Salinger, de David Shields e Shane Salerno




 Ao lermos O Apanhador no Campo de Centeio, há um momento em que Holden Caulfield diz: ”bom mesmo é o livro que quando a gente acaba de ler e fica querendo ser um grande amigo  do autor, para se poder telefonar para ele toda vez que der vontade. Mas isso é raro de acontecer”.


Bom, essa foi a sensação depois de ler O Apanhador: telefonar para Salinger, marcar e tomar um café, enfim,  conversar com uma das pessoas que pode compreender muito, descrever como ninguém a adolescencia e não apenas isso: um pouco da essência humana. Mas, depois de ler sua biografia, vi que não fui a primeira a pensar isso. Na realidade, muitos FIZERAM isso e Salinger, um homem marcado pela guerra e com isso buscando a completa reclusão, não gostava muito dessas ‘invasões’ dos fãs:

“- Eu sou um escritor de ficção- ele disse- É tudo ficção. Não há absolutamente nenhuma autobiografia nas minhas histórias. Não posso ajudar essas pessoas. Se eu soubesse que isso aconteceria, acho que não as teria escrito – Ele parou.”
SHIELDS, SALERNO, David e Shane. P.113. Editora Intrinseca. 2014

“-(...) -Não estou aqui para ajudar pessoas como você com seus problemas. Não sou professor ou vidente. Não sou um conselheiro. Eu talvez exponha questões sobre a vida em minhas histórias, mas não tenho a pretensão de saber as respostas. “
SHIELDS, SALERNO, David e Shane. P.113. Editora Intrinseca. 2014


Antes de tudo, é necessário enfatizar que Holden Caulfield é Salinger, não se pode negar. Em algumas entrevistas e até mesmo com amigos próximos, muitos diziam que Salinger constantemente dizia frases como “ Holden não gostaria disso”, “ Holden provavelmente gostaria daquilo"... percebemos que Holden seria o Salinger do passado, o qual já morreu há muito tempo.

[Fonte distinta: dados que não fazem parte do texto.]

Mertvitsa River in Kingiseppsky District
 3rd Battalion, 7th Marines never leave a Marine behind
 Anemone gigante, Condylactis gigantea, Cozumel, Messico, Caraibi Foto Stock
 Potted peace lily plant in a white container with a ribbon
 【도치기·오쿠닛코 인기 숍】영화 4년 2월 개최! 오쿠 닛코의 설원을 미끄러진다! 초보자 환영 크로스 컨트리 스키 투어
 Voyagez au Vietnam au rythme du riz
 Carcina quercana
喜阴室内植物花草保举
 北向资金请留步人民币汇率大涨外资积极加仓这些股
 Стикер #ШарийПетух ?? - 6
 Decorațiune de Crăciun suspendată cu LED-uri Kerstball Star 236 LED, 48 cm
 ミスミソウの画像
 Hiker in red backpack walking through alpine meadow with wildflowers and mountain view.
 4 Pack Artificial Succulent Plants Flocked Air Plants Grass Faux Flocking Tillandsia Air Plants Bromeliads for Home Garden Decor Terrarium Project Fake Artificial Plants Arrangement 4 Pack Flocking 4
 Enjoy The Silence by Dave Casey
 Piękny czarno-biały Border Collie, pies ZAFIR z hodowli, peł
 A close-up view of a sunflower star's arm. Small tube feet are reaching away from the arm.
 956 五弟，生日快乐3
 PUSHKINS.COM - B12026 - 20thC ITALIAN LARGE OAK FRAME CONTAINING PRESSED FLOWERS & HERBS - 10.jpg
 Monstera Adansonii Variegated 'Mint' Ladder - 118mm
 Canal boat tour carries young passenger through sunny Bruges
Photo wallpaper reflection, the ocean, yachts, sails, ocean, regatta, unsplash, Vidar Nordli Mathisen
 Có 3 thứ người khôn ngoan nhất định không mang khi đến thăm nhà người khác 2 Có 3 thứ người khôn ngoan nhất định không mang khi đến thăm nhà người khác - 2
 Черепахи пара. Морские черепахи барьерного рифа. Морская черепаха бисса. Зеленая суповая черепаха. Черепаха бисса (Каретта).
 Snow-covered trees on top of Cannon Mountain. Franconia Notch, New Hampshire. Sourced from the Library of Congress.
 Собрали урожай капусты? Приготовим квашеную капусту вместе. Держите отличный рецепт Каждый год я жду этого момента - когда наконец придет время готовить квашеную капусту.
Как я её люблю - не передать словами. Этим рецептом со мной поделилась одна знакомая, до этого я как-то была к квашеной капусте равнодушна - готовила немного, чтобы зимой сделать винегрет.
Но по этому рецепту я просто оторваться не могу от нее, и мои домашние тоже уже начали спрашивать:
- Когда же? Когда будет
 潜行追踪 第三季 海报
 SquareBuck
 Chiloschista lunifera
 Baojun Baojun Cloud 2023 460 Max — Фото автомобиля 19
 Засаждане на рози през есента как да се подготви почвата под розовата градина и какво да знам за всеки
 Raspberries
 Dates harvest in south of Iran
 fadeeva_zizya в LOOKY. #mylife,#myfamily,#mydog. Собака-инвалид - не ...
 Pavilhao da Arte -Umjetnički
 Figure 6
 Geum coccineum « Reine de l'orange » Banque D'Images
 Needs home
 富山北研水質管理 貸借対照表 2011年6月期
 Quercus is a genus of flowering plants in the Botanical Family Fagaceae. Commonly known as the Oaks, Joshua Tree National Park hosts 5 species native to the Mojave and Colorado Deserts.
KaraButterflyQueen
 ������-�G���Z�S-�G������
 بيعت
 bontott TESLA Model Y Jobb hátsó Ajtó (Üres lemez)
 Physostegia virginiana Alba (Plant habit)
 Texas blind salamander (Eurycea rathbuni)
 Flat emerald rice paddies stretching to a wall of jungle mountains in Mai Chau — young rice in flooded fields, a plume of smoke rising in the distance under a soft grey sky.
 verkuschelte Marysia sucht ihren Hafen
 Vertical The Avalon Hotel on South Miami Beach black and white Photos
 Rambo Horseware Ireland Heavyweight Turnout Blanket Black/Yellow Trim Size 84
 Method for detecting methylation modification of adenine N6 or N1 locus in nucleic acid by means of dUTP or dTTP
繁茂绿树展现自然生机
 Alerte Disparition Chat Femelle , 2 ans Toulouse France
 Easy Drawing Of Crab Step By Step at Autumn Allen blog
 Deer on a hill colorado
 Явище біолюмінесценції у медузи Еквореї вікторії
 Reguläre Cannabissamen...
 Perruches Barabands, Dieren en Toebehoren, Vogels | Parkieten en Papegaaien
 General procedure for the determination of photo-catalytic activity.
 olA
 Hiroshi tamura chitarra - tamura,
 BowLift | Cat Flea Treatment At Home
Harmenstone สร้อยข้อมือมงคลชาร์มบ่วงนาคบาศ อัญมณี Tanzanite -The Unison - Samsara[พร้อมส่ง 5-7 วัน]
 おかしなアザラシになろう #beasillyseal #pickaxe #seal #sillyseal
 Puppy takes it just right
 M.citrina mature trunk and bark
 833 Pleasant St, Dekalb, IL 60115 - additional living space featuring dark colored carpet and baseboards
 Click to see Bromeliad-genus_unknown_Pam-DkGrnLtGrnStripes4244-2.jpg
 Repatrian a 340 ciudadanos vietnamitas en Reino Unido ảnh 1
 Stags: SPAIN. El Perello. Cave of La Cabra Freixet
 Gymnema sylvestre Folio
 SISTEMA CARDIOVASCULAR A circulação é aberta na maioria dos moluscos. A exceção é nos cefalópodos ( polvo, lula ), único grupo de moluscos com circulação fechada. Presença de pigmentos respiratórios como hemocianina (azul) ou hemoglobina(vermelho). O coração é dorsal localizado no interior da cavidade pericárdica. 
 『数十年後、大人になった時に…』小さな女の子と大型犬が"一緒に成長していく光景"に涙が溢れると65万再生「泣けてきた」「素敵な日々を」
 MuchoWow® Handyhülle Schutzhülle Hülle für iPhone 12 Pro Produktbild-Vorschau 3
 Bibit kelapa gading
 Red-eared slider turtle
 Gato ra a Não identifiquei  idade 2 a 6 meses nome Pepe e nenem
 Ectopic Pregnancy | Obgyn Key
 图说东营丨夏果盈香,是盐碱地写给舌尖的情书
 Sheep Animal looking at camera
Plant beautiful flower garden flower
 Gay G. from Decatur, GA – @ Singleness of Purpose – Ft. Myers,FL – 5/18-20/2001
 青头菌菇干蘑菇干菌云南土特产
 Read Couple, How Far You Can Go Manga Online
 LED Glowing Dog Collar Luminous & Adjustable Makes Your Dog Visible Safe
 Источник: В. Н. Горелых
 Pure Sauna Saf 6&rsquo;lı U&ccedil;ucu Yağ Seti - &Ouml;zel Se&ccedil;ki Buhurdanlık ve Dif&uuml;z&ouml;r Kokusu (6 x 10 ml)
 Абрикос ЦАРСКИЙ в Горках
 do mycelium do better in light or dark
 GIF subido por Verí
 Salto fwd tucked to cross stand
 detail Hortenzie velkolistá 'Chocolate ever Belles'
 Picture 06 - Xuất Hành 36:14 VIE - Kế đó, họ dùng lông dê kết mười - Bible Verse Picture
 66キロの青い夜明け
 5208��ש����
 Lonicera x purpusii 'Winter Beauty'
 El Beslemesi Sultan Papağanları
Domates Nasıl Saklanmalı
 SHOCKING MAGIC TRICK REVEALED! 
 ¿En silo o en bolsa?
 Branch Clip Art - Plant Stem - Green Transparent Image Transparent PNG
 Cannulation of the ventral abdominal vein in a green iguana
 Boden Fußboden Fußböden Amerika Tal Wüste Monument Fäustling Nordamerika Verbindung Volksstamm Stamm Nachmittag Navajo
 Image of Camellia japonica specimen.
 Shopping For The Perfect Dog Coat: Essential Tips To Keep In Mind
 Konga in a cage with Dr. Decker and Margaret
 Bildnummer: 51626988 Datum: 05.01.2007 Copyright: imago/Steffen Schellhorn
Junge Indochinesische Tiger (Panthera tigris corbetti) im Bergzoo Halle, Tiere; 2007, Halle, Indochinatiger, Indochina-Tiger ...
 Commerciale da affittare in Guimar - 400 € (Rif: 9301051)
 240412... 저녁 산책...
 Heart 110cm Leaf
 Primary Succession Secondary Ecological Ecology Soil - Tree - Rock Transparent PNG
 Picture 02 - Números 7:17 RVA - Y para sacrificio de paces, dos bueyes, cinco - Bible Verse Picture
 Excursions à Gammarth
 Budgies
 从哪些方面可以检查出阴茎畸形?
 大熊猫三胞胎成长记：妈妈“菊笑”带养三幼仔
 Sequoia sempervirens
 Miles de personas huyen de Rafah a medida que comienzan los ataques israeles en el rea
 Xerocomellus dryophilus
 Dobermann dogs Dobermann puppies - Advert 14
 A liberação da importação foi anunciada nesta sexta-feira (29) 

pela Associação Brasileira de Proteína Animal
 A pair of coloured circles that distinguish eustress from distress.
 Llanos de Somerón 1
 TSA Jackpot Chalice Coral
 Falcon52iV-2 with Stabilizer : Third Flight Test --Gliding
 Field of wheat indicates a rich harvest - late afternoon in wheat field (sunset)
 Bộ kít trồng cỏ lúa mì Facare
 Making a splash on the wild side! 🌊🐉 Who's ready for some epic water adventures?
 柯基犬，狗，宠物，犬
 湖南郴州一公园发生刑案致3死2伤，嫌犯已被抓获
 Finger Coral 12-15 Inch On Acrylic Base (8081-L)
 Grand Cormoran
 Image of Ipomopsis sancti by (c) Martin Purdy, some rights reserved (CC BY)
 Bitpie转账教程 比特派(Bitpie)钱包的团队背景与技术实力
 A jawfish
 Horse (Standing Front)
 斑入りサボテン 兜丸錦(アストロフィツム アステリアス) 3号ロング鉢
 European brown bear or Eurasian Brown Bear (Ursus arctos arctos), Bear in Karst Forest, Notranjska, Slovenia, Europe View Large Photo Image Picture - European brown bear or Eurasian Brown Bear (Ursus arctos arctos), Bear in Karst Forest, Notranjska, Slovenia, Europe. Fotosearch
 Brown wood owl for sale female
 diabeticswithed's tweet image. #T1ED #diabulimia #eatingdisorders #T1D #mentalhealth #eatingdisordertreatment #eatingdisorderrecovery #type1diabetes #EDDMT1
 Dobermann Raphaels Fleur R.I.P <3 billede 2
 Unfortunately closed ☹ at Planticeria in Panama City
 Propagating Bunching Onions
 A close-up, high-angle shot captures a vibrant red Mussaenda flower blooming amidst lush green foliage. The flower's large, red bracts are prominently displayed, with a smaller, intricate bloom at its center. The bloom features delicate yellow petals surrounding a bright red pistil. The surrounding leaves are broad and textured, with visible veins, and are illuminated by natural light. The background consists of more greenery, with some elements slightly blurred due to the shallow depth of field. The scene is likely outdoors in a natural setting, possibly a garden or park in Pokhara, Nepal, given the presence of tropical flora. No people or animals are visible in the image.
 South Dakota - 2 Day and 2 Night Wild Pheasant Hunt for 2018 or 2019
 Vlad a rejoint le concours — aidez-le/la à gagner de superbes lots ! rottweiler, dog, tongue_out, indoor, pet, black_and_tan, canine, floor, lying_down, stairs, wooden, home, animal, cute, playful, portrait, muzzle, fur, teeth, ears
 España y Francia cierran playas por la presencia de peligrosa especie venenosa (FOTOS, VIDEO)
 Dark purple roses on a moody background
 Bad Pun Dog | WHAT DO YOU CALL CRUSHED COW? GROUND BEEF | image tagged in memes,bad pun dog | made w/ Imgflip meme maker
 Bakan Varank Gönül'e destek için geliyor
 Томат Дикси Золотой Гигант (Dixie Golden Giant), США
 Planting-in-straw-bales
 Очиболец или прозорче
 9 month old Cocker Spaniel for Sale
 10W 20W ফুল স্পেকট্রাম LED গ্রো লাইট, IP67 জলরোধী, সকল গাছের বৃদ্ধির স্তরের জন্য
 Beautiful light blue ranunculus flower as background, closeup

Em suma, Holden seria aquela pessoa que fomos aos 17 anos, não existe mais. Percebemos que morremos várias vezes em vida, uma morte que chamo de 'metafórica'. Salinger foi na guerra, e o seu?

Entretanto, o livro aborda não apenas O Apanhador, mas as suas outras obras que ele veio a escrever, no caso, os contos como ’Franny and Zooey’, ‘Carpinteiros: levantem bem alto a Cumeeira’ e também vários outros os quais Holden Caulfield já participava. A escrita era a sua companheira durante a Segunda Guerra, a qual ele participou de algumas batalhas, refletindo em suas obras e também:

“O Apanhador no Campo de Centeio, o maior livro anti-establishment de todos os tempos e um dos maiores campeões de venda da história, quase não foi publicado. Uma obra que sobreviveu aos piores horrores da segunda guerra mundial quase foi atirada às chamas do inferno do mundo editorial de Nova York.”
SHIELDS, SALERNO, David e Shane. P.260. Editora Intrinseca. 2014

“Salinger havia matado Holden Caulfield em alguns contos publicados anteriormente, nos quais um personagem com o mesmo nome, parecidíssimo com o protagonista do romance, é dado como perdido em ação durante a Segunda Guerra Mundial.
SHIELDS, SALERNO, David e Shane. P.262. Editora Intrinseca. 2014


O livro relata também a questão do campo amoroso de Salinger. Sua primeira namorada foi  a filha do dramaturgo Eugene O’neal,  Oona O’neal, a qual escrevia imensas cartas enquanto estava em guerra. No entanto, enquanto ele escrevia cartas ela se apaixonava por nada menos que Charles Chaplin. Isso mesmo! um dos grandes gênios do cinema, com o qual Oona casou-se e teve oito filhos. Saliger, a partir de então, fica completamente arrasado: na guerra, em situações precárias, sua namorada o abandonando por um homem muito mais velho, aquele que viria a ser um dos grandes nomes do cinema.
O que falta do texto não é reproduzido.